The FDIC proposal would apply to 23 state nonmember banks that each have more than $10 billion in assets. It sets out a stress test regime similar to that the Fed adopted for bank holding companies with $50 billion in assets, though those also face additional requirements and consequences -- the Fed can block dividend increases at holding companies that show troubling stress test results. The stress tests were required by the Dodd-Frank Act.

The Office of Comptroller of the Currency is due to approve similar requirements for the large national banks it regulates on Wednesday.

The internal stress tests required by both the FDIC and at the OCC will operate in similar fashion to predict whether an institution can weather severe economic downturns or financial crisis.

Each year by mid-November, regulators will develop three scenarios for the economy -- a baseline, a moderately severe and a very severe version of prospective events -- and "large" financial institutions would then have to demonstrate that they have the capital in place to manage through any of the scenarios for the next two years.

Banks would have to report the test results to regulators by Jan. 5 and disclose summary results publicly within 90 days.

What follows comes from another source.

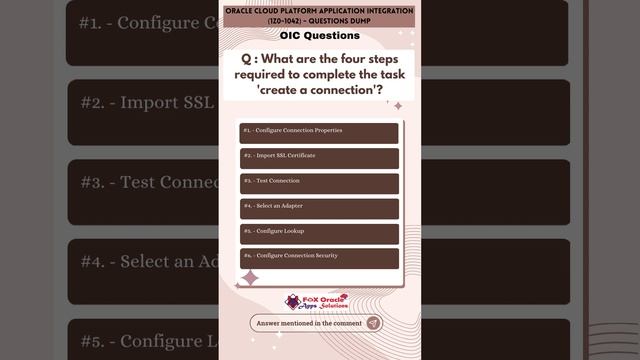 1. Oracle Cloud Platform Application Integration Questions | 1Z0-1042 Questions Dump | OIC question смотреть онлайн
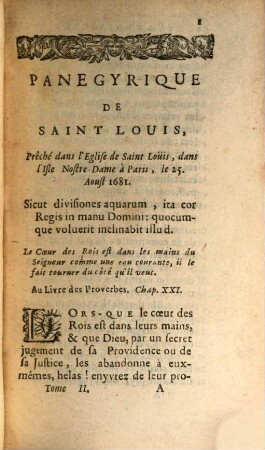 Panegyriques Et Autres Sermons. 2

How the public reporting would take place still hasn't been determined.

FDIC officials said Tuesday that bank regulators have taken a number of steps to ensure that all three regulators apply consistent standards.

The FDIC on Tuesday also approved a final rule requiring insured depository institutions with more than $50 billion in assets to develop living will resolution plans that describe plans for their breakup in the event of major financial woes under the FDIC Act.

The parent bank holding companies also have to develop living will resolution plans under the Bankruptcy Act, but any insured depository would be resolved under the FDIC Act.

FDIC officials said the rule would cover 37 depository institutions.

The FDIC in September proposed an interim rule. The FDIC said the final version made the rule and some deadlines more consistent with rules the Federal Reserve applied to the giant institutions.

Banking lawyers said that the FDIC's action was no surprise, but reiterated the future importance of stress tests in the future.

"It's complementary. Big banks have to do it at the holding company level. It's nothing new to these banks," said Thomas P. Vartanian, a partner at Dechert LLP. "Whether you do it in the back door [holding companies] or the front door [the insured depositories], you have to do it."

He said the separate living wills for the banks and the holding companies will allow regulators to "figure out if there is any daylight in between" the two that could offer potential problems.

Tuesday's FDIC meeting was the first that included Richard Cordray, who was appointed by President Obama to head the Consumer Financial Protection Bureau.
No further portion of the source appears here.